Par Antoine de Lacoste
Les premiers pas de Joe Biden sur la scène internationale sont d’une étrange incohérence.
Avec la Chine tout d’abord. Après avoir traité Xi Jinping de « voyou » pendant la campagne électorale (on se demande quel est l’intérêt de ce genre de rhétorique), Biden a fini par l’appeler et a eu un long entretien téléphonique avec lui. C’était le 12 février dernier.
La conversation fut stérile, Biden confirmant les sanctions prises pas Trump et demandant au dirigeant chinois de respecter les droits de l’homme à Hong-Kong et dans la province du Xinjiang. Il est toujours distrayant de voir les dirigeants occidentaux demander à des régimes communistes de ne plus réprimer leurs opposants mais ils ne peuvent pas s’en empêcher. Ils ont fait pareil en Syrie en demandant aux djihadistes de devenir démocrates avec des résultats probants comme chacun sait.
Les Chinois ont poliment salué cet appel et, peu loquaces par nature, attendent concrètement de connaître la nouvelle stratégie américaine.
Ils n’ont pas eu à attendre longtemps : le 18 mars, à Anchorage en Alaska, les représentants des deux administrations tenaient leur première réunion commune. Ce fut un désastre. Le secrétaire d’État américain, Tony Blinken, s’est lancé dans une longue litanie de reproches face à la délégation chinoise : Hong-Kong, Xinjiang, Taïwan, cyberattaques contre les États-Unis (tiens, il n’y a pas que les Russes), coercition économique contre ses alliés (l’Australie en l’occurrence), tout y est passé.
Les Chinois ont répliqué sur le même ton, demandant à l’Amérique de ne pas s’occuper des problèmes internes à la Chine et concluant par la bouche de Yang Jiechi : « Nous sommes prêts pour une concurrence féroce ».
Il y a bien sûr une grande part de mise en scène dans ces joutes stériles. Mais Biden qui reprochait son agressivité diplomatique à Trump, fait finalement la même chose que lui sur le plan commercial, les droits de l’homme en plus.
La veille de cette réunion, le 17 mars, Biden a provoqué la stupéfaction en traitant Poutine de tueur.
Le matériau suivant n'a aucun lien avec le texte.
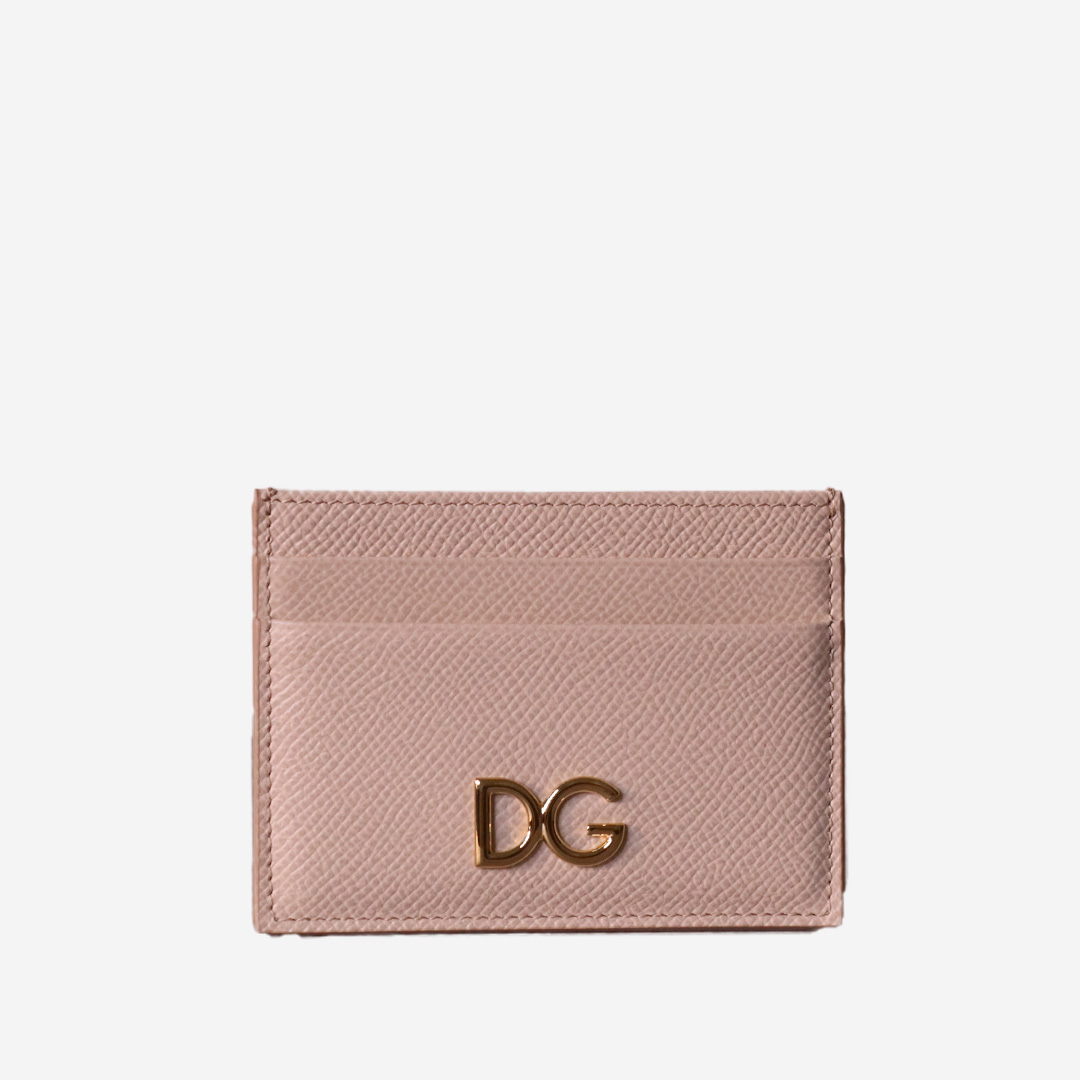  Dolce and Gabbana Dauphine Leather Card Case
Jamais, même au pire temps de la guerre froide, un dirigeant américain n’avait parlé de la sorte. Calcul ? Dérapage ? On ne le saura jamais mais affirmer que « L’Amérique est de retour » et commencer par insulter les dirigeants des principales grandes puissances est assez étrange.
Au moins, pourrait-on penser, Biden a entrepris une grande offensive de charme vers l’Europe. Dans les mots oui, dans les faits, c’est le contraire.
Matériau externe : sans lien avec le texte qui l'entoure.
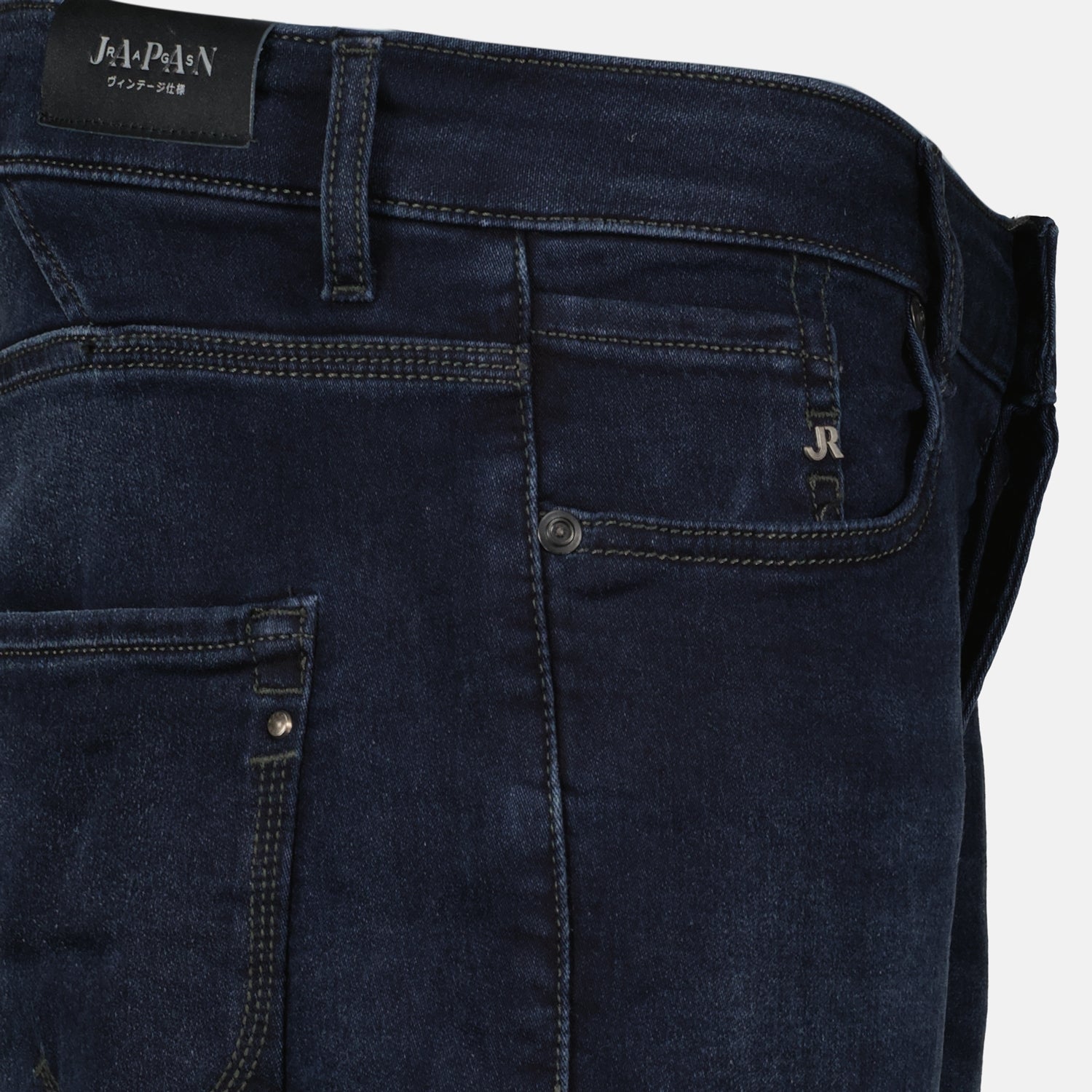 Osaka raw jeans, denim straight cut, Japan Rag, deep blue jeans, five-pocket denim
Ainsi, Anthony Blinken, qui promet décidément beaucoup, a relancé le processus de paix en Afghanistan et cité plusieurs pays pour discuter d’un plan « de la dernière chance » : tous les pays concernés sont cités : Russie, Chine, Pakistan, Iran et même la Turquie (on se demande d’ailleurs pourquoi), tous sauf l’Europe malgré ses milliards engloutis en Afghanistan et ses centaines de soldats morts.
Ce « camouflet », comme l’appelle Le Monde du 18 mars, laisse l’Europe stupéfaite mais assez passive. Une première réunion a donc eu lieu à Moscou où les Européens n’étaient pas invités conformément au souhait américain. Cela a dû bien amuser Poutine et Xi Jinping…
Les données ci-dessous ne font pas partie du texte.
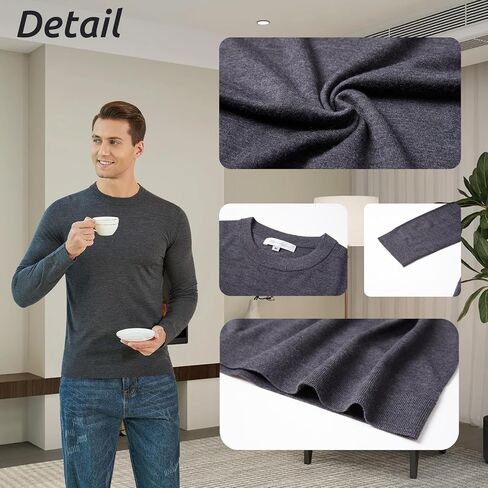 Thermal Underwear Shirts for Men, Merino Wool Base Layer Mens, Ultralight Backpacking Gear in Saudi Arabia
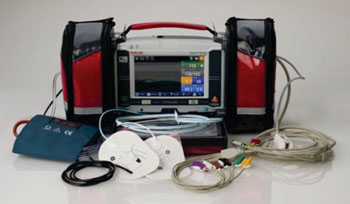 The DEFIGARD Touch 7 emergency monitor/defibrillator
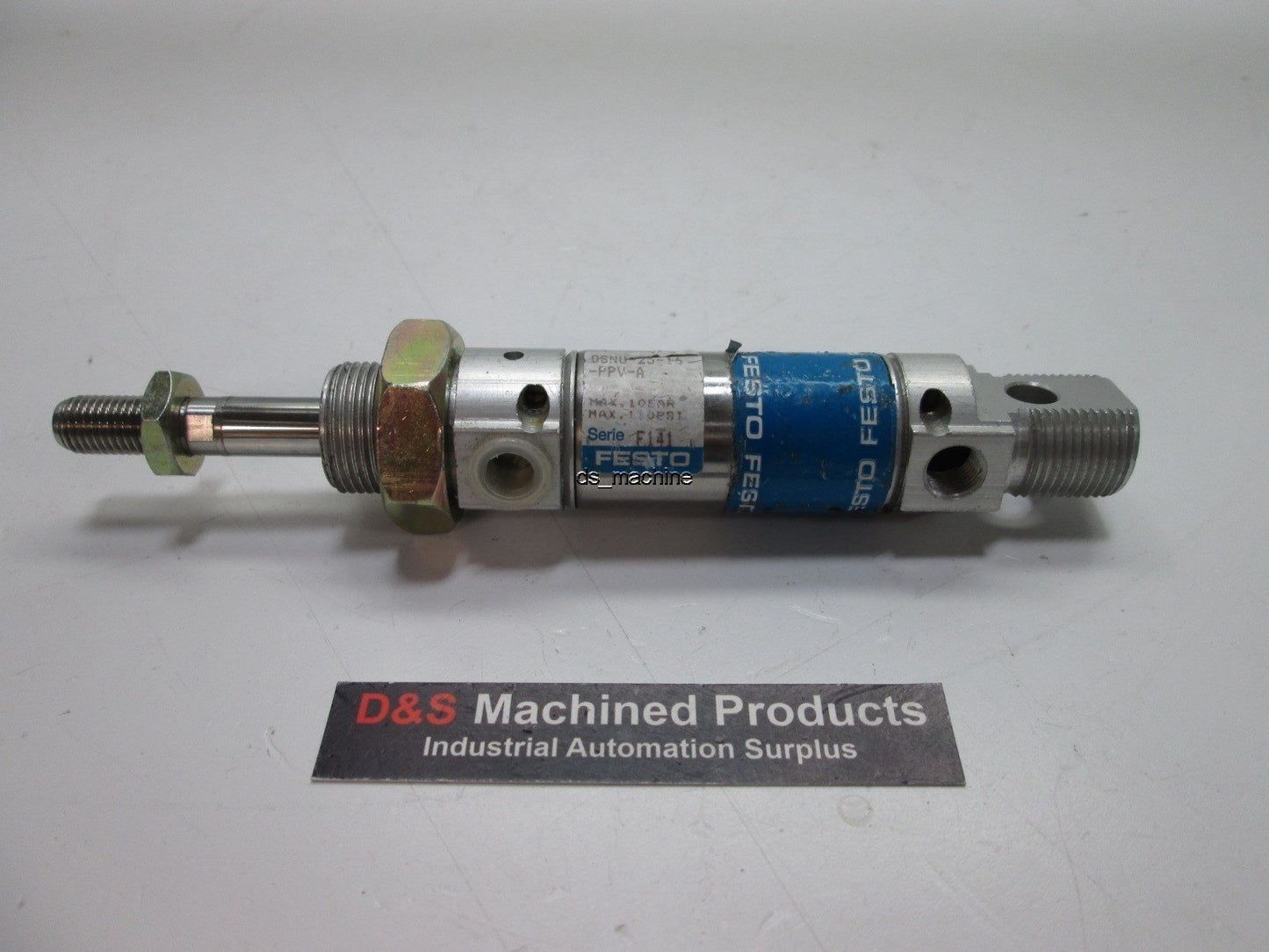 Used Festo DSNU-25-16-PPV-A Cylinder, 16mm Stroke, 10mm Shaft Diameter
Les Américains rencontrent donc ceux qu’ils insultent et écartent ceux qu’ils cajolent : on a un peu de mal à suivre…
La première conférence de presse de Biden du 25 mars n’a pas calmé les inquiétudes. Le délai (plus de deux mois après son élection) est déjà un signe et beaucoup se posent la question aux États-Unis : Biden est-il capable de tenir une conférence de presse ? Même Le Figaro s’inquiète : « Restant souvent dans les généralités, de temps à autre hésitant et cherchant ses mots » et d’ajouter superbement : « Biden est parfois apparu confus, mais il est resté cohérent malgré quelques hésitations. » Là aussi, il faut suivre.
Mais rassurons-nous, Biden n’a pas exclu de se représenter en 2024.